======== RECORDS PROVIDED

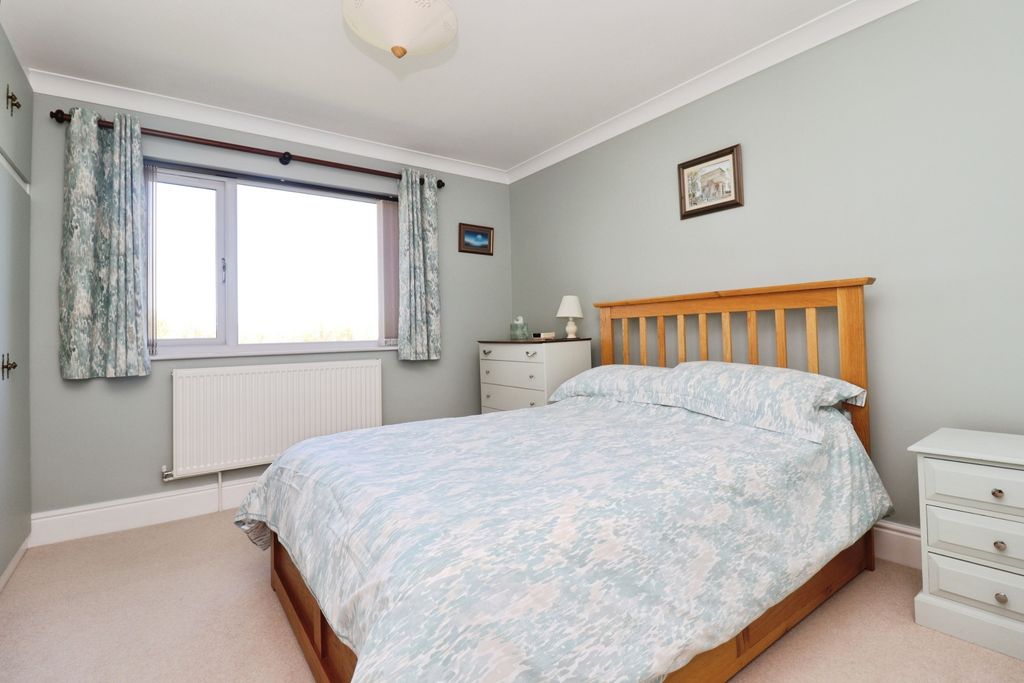 Additional image 9 of 2 bed detached bungalow for saleLegsby Road, Market Rasen LN8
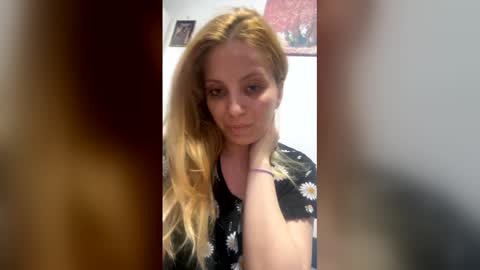 Snapshot of sarahhwild chatting on 2, 6, 2026 sarahhwild online show from 2, 6, 2026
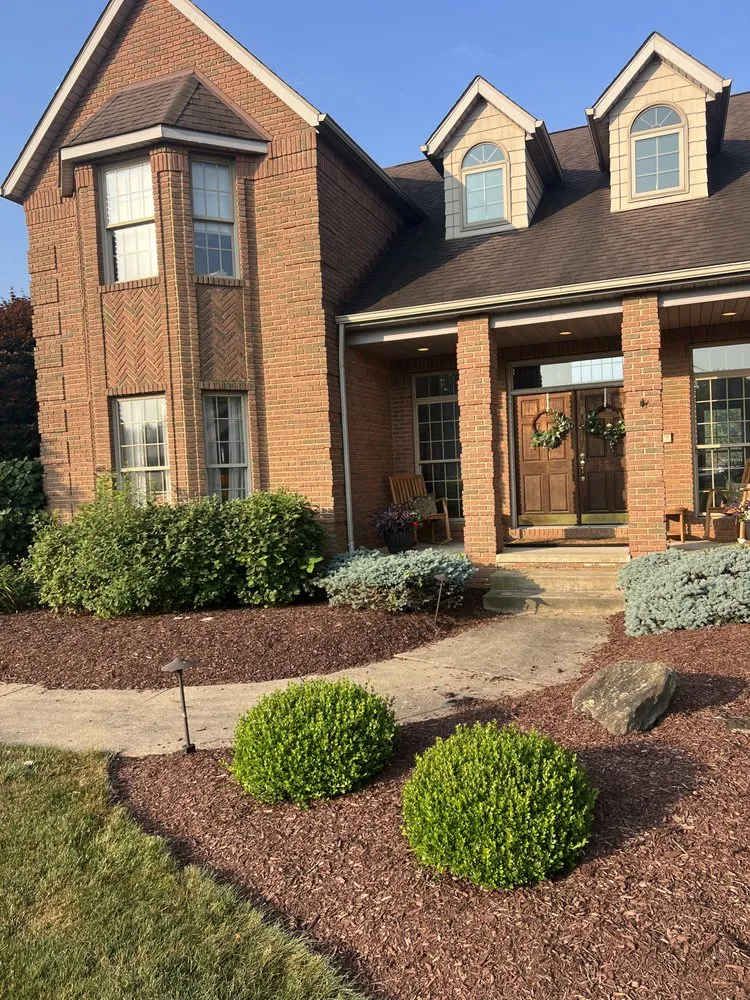 Local yard cleanup service experts serving Alliance, OH - Pureview Window Cleaning & Exterior Services
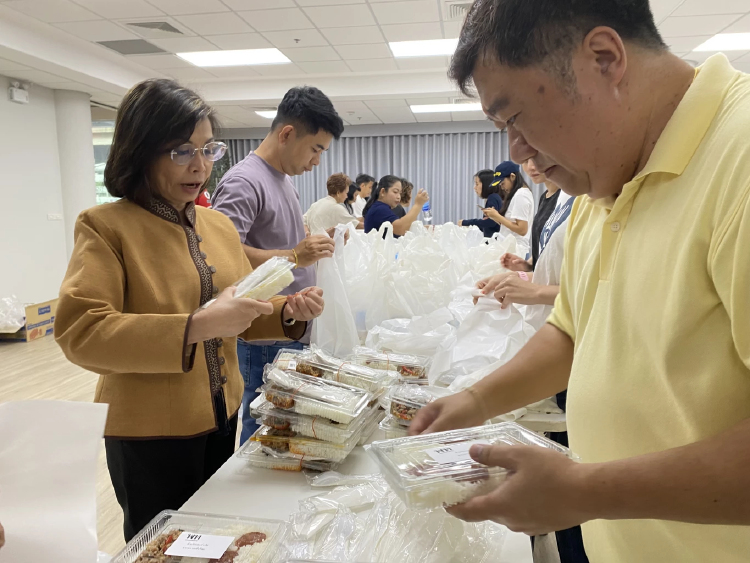 ‘เพื่อไทย’ จัดตั้งศูนย์ประสานงานช่วยผู้ประสบภัยน้ำท่วม ระดมอาหาร-สิ่งของ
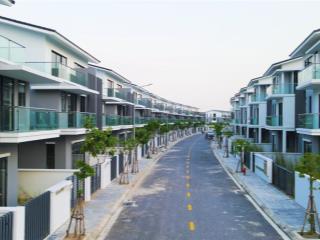 Biệt thự song lập beomes siêu vip. 1 căn duy nhất vị trí đẹp view công viên. giá chỉ 8,7, 130m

================

_TASK DIRECTIONS_
Once the pictures are set aside, give the listing again word for word.

_EXERCISE RESULT_
 Additional image 9 of 2 bed detached bungalow for saleLegsby Road, Market Rasen LN8
 Snapshot of sarahhwild chatting on 2, 6, 2026 sarahhwild online show from 2, 6, 2026
 Local yard cleanup service experts serving Alliance, OH - Pureview Window Cleaning & Exterior Services
 ‘เพื่อไทย’ จัดตั้งศูนย์ประสานงานช่วยผู้ประสบภัยน้ำท่วม ระดมอาหาร-สิ่งของ
 Biệt thự song lập beomes siêu vip. 1 căn duy nhất vị trí đẹp view công viên. giá chỉ 8,7, 130m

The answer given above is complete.